The Sci-Fi version is amazing for two simple reasons, the first is Ian McNeice as the the Baron Harkonnen (a role which McNeice absolutely KILLS as he's AMAZING AS HIM). The second is Children of Dune (which had never been adapted to film until the Sci-Fi channel did it). The actor who portrayed Leto the 2nd was pretty amazing and I only wish we had gotten a continuation of him as God Emperor Leto the 2nd of the Known Universe.
I tried watching two new Dune movies and I cannot for the life of me get into it due to the plot changes and more specifically the kid they got to play Paul. He has none of the confidence and passion that Kyle MacLachlan put into the role in Lynch's version. Also what in god's name did they do to Chani? Seriously, in part 2 she is seriously always angry with Paul (especially at the ending).
I mean, it really wasn't the same universe but rather a telling of how the universe BECAME Frank Herbert's universe (aka the universe during the Butlerian Jihad/Cymek War and the discovery of Arrakis and the Spice melange and also what it was capable of).

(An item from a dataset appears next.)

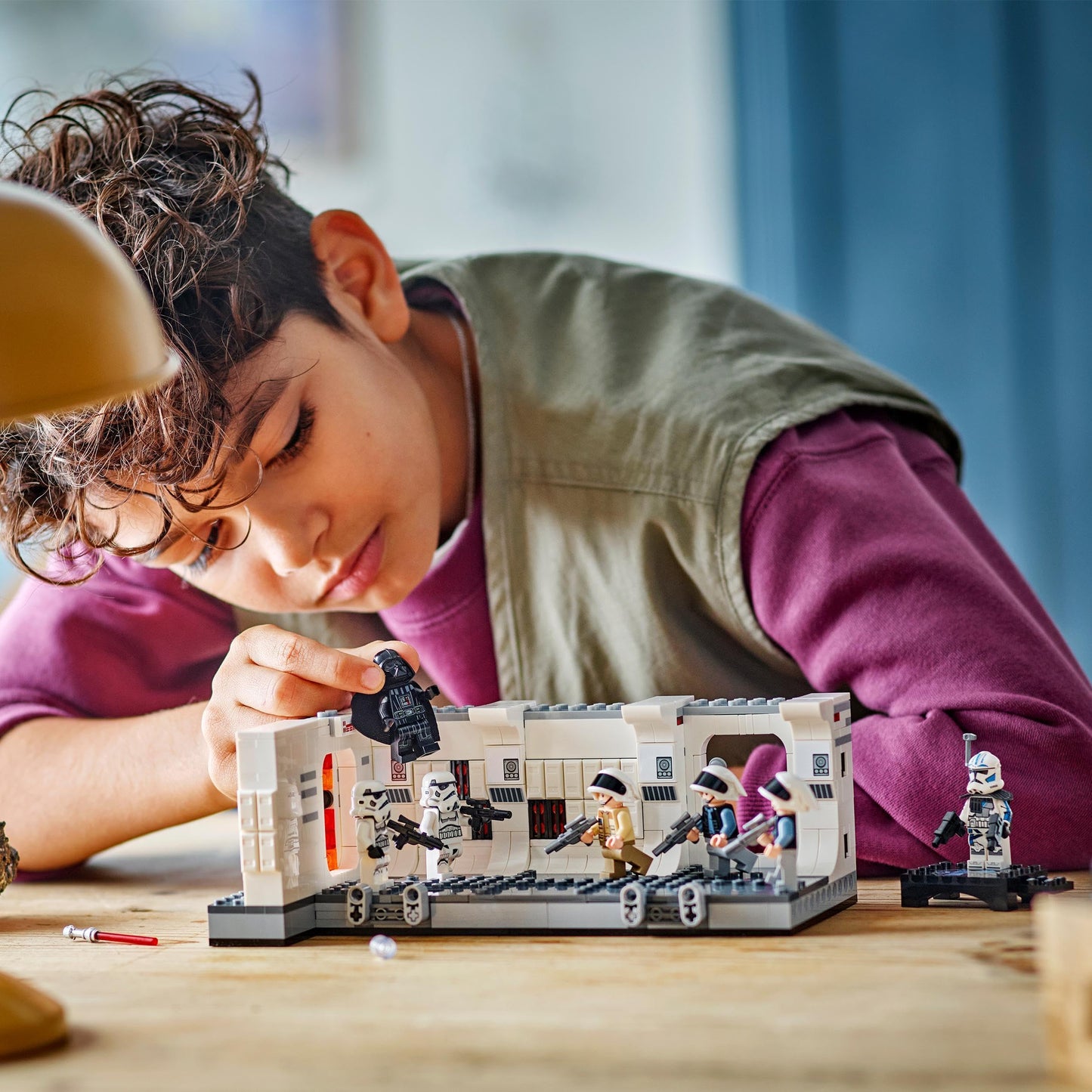 LEGO Star Wars The Tantive IV Set, building toy from the movie A New Hope, fantasy playset for kids to collect, gift idea for boys and girls 8+, as well as collectors. 75387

I'm pretty sure Leto was played by James MacAvoy, who played Professor X in the later X-Men movies. I just read a reference to that in an article about the new movies. Which I actually enjoyed a lot - I thought they were pretty on point for the most part, and visually stunning. Although I also did not particularly like Timothy Chalomet as Paul... I agree he lacked passion. To me it felt like he was kind of going through the motions, and I'm amazed at how many people love his performance.
The tone of Chani was deliberate according to what I understand from interviews with the director - he wasn't sure if they were going to get to do a third movie, which would be Dune Messiah, the book that kind of nails home the point that Herbert was trying to make about trusting a "messiah" to save you. Herbert was trying to deconstruct the kinds of stories that he saw being told where some prophetic figure would come along, everyone would rally around them, and they would lead humanity into a utopia. He thought that was a dangerous idea.

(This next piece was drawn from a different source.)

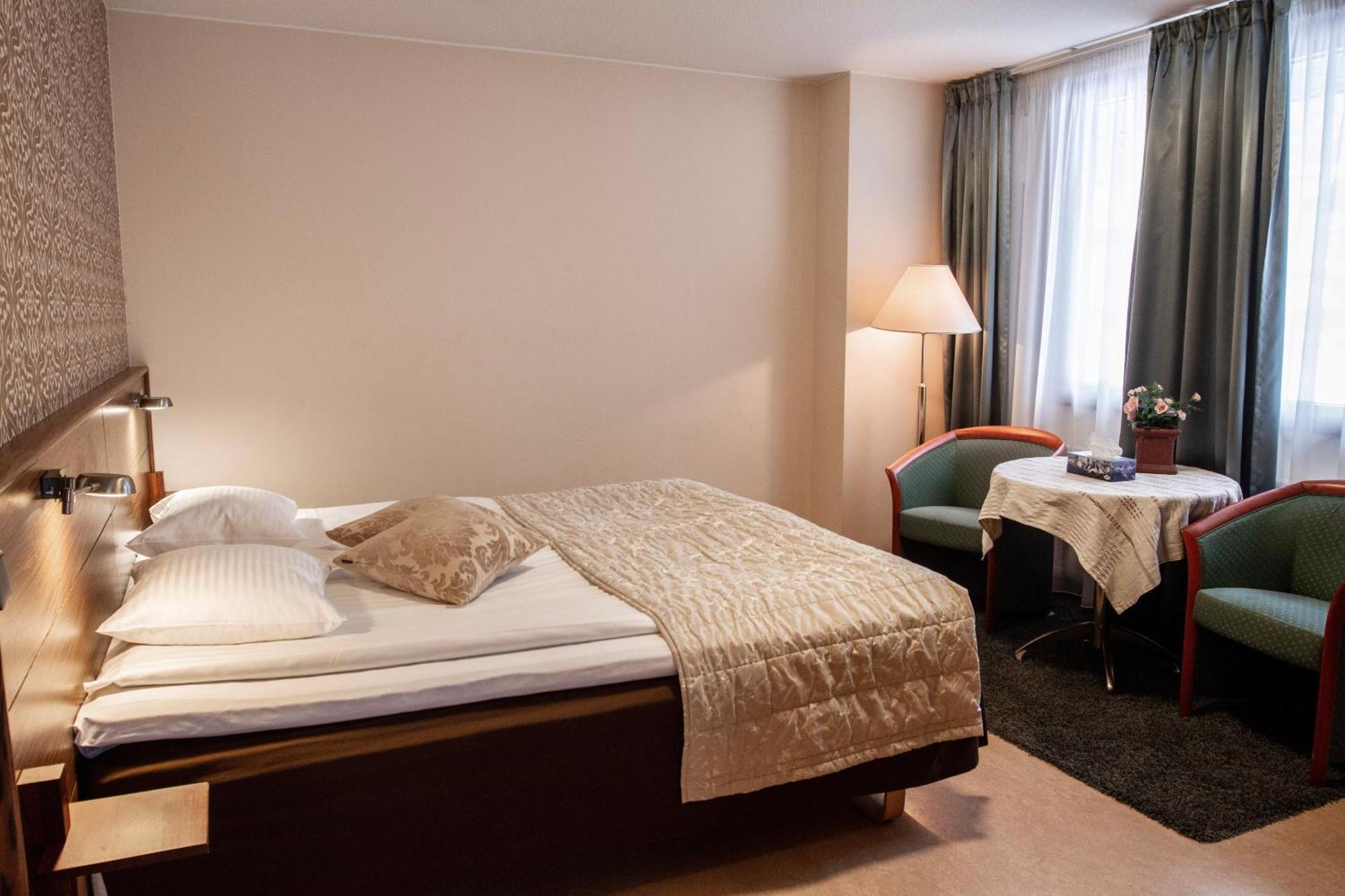 Hotel Fjalar サロ 部屋 写真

From what I've read, he was somewhat frustrated by the response to Dune and he wrote Dune Messiah as a response to that. He wanted to rub people's faces in the fact that Paul was a mass murderer who did what he did out of revenge, not from some kind of altruistic desire to "save the universe." And I think Denis Villaneuve gets that a lot better than Lynch ever did.
But since Villaneuve wasn't, and isn't, sure if he's going to make Dune Messiah, he wanted to get some of that into Dune 2, and Chani was his vehicle for that. She's the one who sees Paul for what he is - another nobleman, a wealthy privileged outsider, and a part of the system that oppresses the Fremen, who is willing to do anything to avenge his family's betrayal, and has decided not to care how many people are going to have to die along the way.
It's not Chani from the books, but in fairness, Chani in the books wasn't particularly well-fleshed-out - she was just some girl who was madly in love with Paul for no particular reason.
As for Herbert's son - I haven't read the books set in the past, the only one I even attempted was the sequel to Chapterhouse, and I got as far as Clone Leto magically turning into a sandworm before giving up. It just didn't feel like Dune. Since then I've occasionally read summaries of the subsequent books, or watched videos about them, but I can tell they're not for me.